Particle Filtering

Matthieu Bloch

Tuesday, November 8, 2022

Today in ECE 6555

  • Announcements
    • 8 lectures left (including today)
    • Kalman filtering mini project due November 10, 2022
  • Last time
    • Extended Kalman Filter (EKF) from Bayesian filtering
    • Introduction to Unscented Kalman Filter (UKF)
  • Today
    • Particle Filtering
  • Questions?

Last Time: Extended Kalman filter revisited

  • The Kalman filter is an approximate Bayesian optimal filter
    1. Initialization: \(x_0\sim\calN(\hat{x}_{0|-1},P_0)\)
    2. Prediction: \(x_{i|i-1}\sim\calN(\hat{x}_{i|i-1},P_{i|i-1})\) with
    \[ \hat{x}_{i|i-1} = f(\hat{x}_{i-1|i-1})\qquad P_{i|i-1} = F_x(\hat{x}_{i-1|i-1}) P_{i-1|i-1}F_x(\hat{x}_{i-1|i-1})^\intercal + Q_{i-1} \]
    1. Update: \(x_{i|i}\sim\calN(\hat{x}_{i|i},P_{i|i})\) with

    \[ \begin{aligned} \hat{x}_{i|i} &= \hat{x}_{i|i-1}+K_{f,i}(y_i-h(\hat{x}_{i|i-1}))\\ K_{f,i} &= P_{i|i-1}H_x(\hat{x}_{i-1|i-1})^\intercal(H_x(\hat{x}_{i-1|i-1})P_{i|i-1}H_x(\hat{x}_{i-1|i-1})^\intercal+R_i)^{-1}\\ P_{i|i}&= P_{i|i-1}-K_{f,i}H_x(\hat{x}_{i-1|i-1}) P_{i|i-1} \end{aligned} \]

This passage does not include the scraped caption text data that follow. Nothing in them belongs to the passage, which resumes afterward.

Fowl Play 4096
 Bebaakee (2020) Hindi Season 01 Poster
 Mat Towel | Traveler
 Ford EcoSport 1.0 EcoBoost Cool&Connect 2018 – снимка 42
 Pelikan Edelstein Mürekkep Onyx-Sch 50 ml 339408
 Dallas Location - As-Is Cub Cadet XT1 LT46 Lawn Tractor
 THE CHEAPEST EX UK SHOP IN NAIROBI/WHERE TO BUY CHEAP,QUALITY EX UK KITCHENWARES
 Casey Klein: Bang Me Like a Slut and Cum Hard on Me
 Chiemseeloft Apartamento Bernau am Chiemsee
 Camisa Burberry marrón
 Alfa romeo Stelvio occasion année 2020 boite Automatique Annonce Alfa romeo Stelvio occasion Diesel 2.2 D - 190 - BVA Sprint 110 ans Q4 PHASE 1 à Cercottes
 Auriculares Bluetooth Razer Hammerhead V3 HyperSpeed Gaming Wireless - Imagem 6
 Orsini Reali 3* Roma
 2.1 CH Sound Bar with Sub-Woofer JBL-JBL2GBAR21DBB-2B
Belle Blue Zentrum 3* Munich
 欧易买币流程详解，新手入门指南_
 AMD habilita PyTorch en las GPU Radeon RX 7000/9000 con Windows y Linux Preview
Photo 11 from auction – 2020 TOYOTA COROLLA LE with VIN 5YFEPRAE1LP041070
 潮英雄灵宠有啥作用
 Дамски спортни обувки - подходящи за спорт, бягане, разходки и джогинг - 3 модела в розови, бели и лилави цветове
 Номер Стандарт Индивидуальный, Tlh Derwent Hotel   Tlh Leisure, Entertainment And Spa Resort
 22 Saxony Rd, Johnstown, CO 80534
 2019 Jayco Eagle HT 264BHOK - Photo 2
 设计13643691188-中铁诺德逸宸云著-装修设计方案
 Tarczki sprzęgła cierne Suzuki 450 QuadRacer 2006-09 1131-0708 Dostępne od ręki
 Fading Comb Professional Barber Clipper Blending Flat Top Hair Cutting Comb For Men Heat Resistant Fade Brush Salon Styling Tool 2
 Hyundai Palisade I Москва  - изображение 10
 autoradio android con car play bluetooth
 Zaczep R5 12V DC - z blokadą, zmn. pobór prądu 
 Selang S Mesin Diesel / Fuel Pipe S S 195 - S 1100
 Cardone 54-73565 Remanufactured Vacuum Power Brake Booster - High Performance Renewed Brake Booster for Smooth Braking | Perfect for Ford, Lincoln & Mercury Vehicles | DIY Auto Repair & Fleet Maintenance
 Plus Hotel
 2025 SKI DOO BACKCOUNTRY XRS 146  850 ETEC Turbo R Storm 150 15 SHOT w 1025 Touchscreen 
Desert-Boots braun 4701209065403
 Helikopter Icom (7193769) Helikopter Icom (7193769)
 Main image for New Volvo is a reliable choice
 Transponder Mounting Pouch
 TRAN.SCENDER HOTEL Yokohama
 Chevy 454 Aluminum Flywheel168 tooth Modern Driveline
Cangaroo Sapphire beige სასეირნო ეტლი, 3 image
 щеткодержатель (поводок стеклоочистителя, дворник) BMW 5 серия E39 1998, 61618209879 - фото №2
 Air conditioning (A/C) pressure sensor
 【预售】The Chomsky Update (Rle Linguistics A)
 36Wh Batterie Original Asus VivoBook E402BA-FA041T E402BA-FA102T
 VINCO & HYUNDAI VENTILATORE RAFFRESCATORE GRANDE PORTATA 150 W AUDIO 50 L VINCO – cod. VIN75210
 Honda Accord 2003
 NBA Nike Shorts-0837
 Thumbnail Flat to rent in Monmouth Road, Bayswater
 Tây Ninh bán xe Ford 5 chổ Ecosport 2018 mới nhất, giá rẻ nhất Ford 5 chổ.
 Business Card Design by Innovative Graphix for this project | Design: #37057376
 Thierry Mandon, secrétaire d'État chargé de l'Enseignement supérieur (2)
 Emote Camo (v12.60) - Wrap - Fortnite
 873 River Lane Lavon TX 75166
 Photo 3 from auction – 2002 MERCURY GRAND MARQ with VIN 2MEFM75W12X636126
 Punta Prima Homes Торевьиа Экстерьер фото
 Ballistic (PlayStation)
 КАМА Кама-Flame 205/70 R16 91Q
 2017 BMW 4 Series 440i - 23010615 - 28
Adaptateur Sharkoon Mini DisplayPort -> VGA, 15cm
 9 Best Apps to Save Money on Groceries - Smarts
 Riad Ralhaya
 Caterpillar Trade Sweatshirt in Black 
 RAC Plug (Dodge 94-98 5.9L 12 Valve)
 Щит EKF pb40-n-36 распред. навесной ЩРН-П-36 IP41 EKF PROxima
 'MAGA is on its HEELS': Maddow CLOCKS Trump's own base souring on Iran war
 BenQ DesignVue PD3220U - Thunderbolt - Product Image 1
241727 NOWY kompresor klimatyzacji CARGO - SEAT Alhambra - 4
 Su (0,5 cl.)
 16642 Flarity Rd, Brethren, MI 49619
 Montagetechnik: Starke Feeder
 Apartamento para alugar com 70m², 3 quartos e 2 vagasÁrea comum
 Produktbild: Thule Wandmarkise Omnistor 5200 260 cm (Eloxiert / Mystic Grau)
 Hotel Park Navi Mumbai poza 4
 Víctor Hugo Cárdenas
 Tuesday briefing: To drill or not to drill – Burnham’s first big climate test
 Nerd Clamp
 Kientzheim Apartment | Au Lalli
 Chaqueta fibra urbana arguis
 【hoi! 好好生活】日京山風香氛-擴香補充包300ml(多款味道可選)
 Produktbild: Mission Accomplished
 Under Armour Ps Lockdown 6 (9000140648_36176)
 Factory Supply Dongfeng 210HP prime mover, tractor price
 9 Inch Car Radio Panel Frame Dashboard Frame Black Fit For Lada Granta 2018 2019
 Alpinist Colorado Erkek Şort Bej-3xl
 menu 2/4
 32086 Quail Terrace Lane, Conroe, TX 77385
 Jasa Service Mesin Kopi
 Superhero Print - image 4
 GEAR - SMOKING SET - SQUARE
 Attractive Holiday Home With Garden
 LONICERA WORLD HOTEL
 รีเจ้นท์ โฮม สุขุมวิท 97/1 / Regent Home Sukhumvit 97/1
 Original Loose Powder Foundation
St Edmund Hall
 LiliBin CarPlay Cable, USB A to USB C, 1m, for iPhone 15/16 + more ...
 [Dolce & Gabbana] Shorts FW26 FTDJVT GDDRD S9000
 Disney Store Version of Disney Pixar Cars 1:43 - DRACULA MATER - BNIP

Last Time: Wrapping up EKF

  • EKF is based on Taylor series expansions of \(f\) and \(h\) around current state estimate

  • Advantages of EKF

    • Almost same as basic Kalman filter, easy to use
    • Intuitive, engineering way of constructing approximations
    • Works very well in practical estimation problems.
    • Computationally efficient
  • Limitations of EKF

    • Does not work with strong non-linearities
    • Only Gaussian noise processes are allowed
    • Measurement model and dynamic model functions need to be differentiable
    • Computation and programming of Jacobian matrices can be quite error prone
  • Linearization assumes that all second and higher order terms in Taylor series expansion are negligible

    • In some situations, higher order terms have negligible effects
    • In others, they can significantly degrade estimator performance.
  • Possible to extend EKF approach to higher order terms

    • Second-order Gaussian filter
    • Assumes piece-wise quadratic model and truncates Taylor series expansion after second term
    • Hessian required

Last Time: Unscented Kalman Filter

  • Need for a method that is:
    1. Provably more accurate than linearization;
    2. Does not incur computational costs of other higher order filtering schemes
  • Key observation: Easier to approximate a pdf than an arbitrary nonlinear transformation
Image
From Julier and Uhlmann, Proc. IEEE, 2004
  • Unscented transform
    • Choose a set of points (sigma points)
    • Nonlinear function is applied to each point to yield a cloud of transformed points
    • Statistics of transformed points calculated to form estimate of nonlinearly transformed mean and covariance

Unscented Kalman Filter

  • Key features
    • Sigma points are not drawn at random
    • High-order information about the distribution captured with a fixed small number of points
    • Sigma points can be weighted in ways that are inconsistent with the distribution interpretation of sample points in a particle filter.
  • General Sigma-point selection framework
    • No practical filter can maintain the full distribution of the state
    • Simpler distribution of the form may be heuristically assumed, e.g., Gaussian
    • Goal is to match different properties of a given distribution, e.g., moments
    \[ \mathbf{c}[\calS,p_x(\bfx)]=0 \] where \(\mathbf{c}\) denotes a cost constraint
    • In general, find sigma points \(\calS\) that solve
    \[ \min_\calS \text{cost}[\calS,p_x(\bfx)] \textsf{ such that } \mathbf{c}[\calS,p_x(\bfx)]=0 \]

Unscented Kalman Filter

  • Matching mean and covariance of a Gaussian \[ \begin{aligned} \mathbf{c}_1[\calS,p_x(\bfx)]&=\sum_{i=0}^p w^{(i)}\bfx^{(i)} - \bar{\bfx}\\ \mathbf{c}_2[\calS,p_x(\bfx)]&=\sum_{i=0}^p w^{(i)}(\bfx^{(i)}-\bar{\bfx})(\bfx^{(i)}-\bar{\bfx})^\intercal - \Sigma_x\\ \end{aligned} \]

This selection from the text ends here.